Each record must be written out again exactly. Skip any picture it contains.

╔══

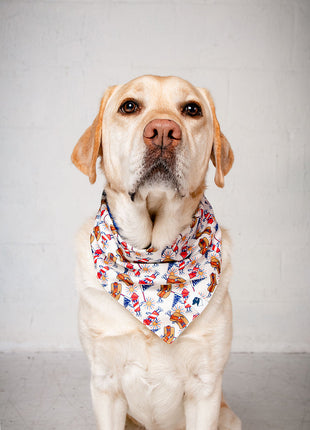American Summer Dog Bandana & Matching Scrunchie Set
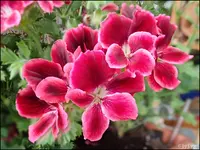 c033.webp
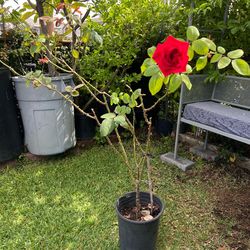 Red Rose Plant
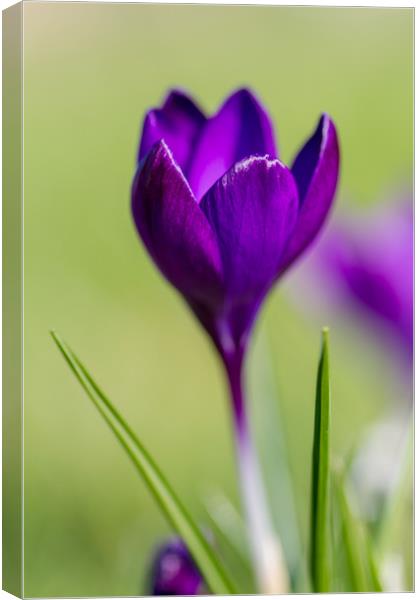The Lone Crocus Canvas Print by Images of Devon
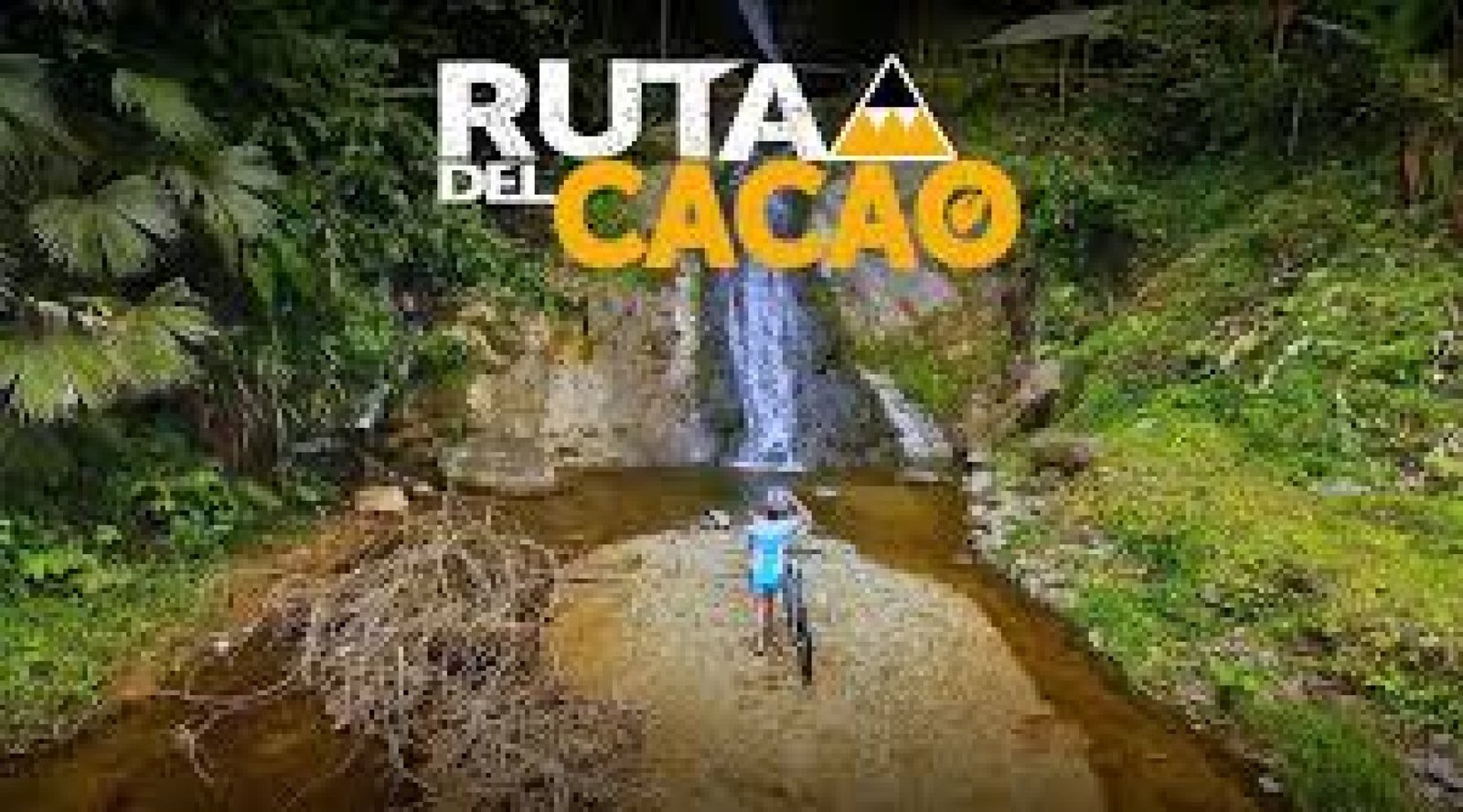 La Ruta del Cacao: Explorando el Chocolate de Ecuador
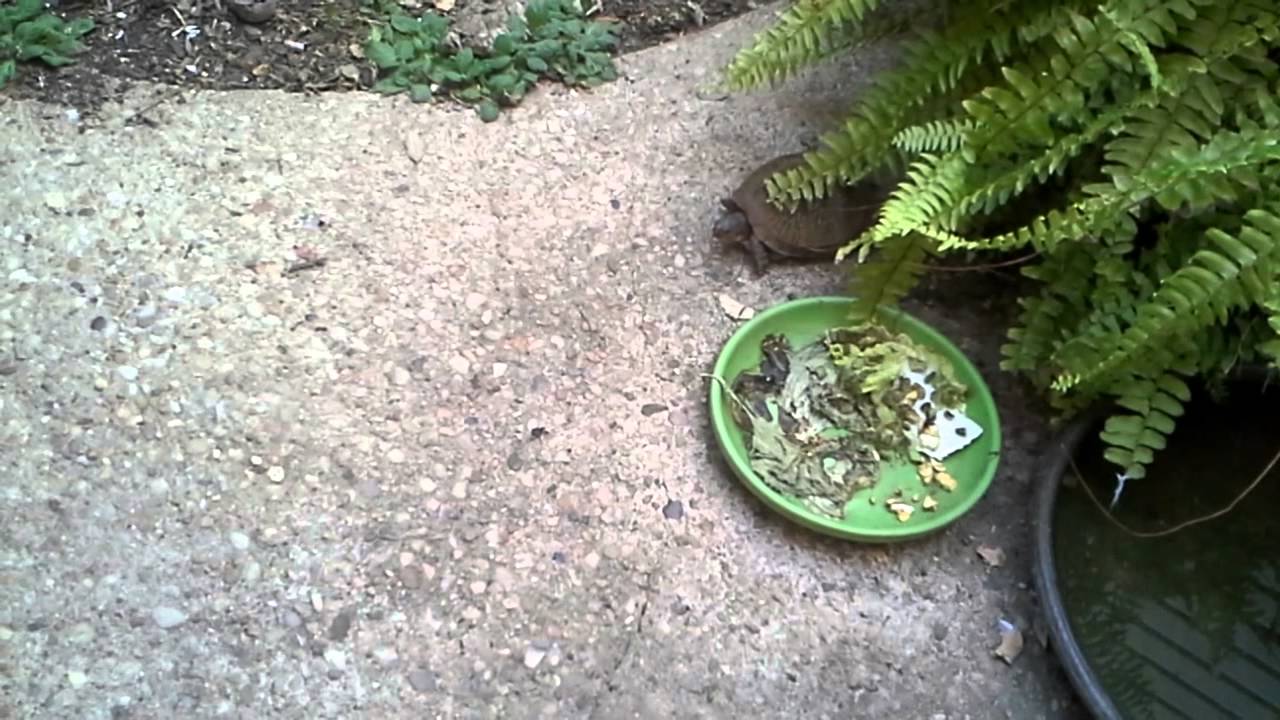 Coco chases away the turtle menace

╚══

Written response =
American Summer Dog Bandana & Matching Scrunchie Set
 c033.webp
 Red Rose Plant
The Lone Crocus Canvas Print by Images of Devon
 La Ruta del Cacao: Explorando el Chocolate de Ecuador
 Coco chases away the turtle menace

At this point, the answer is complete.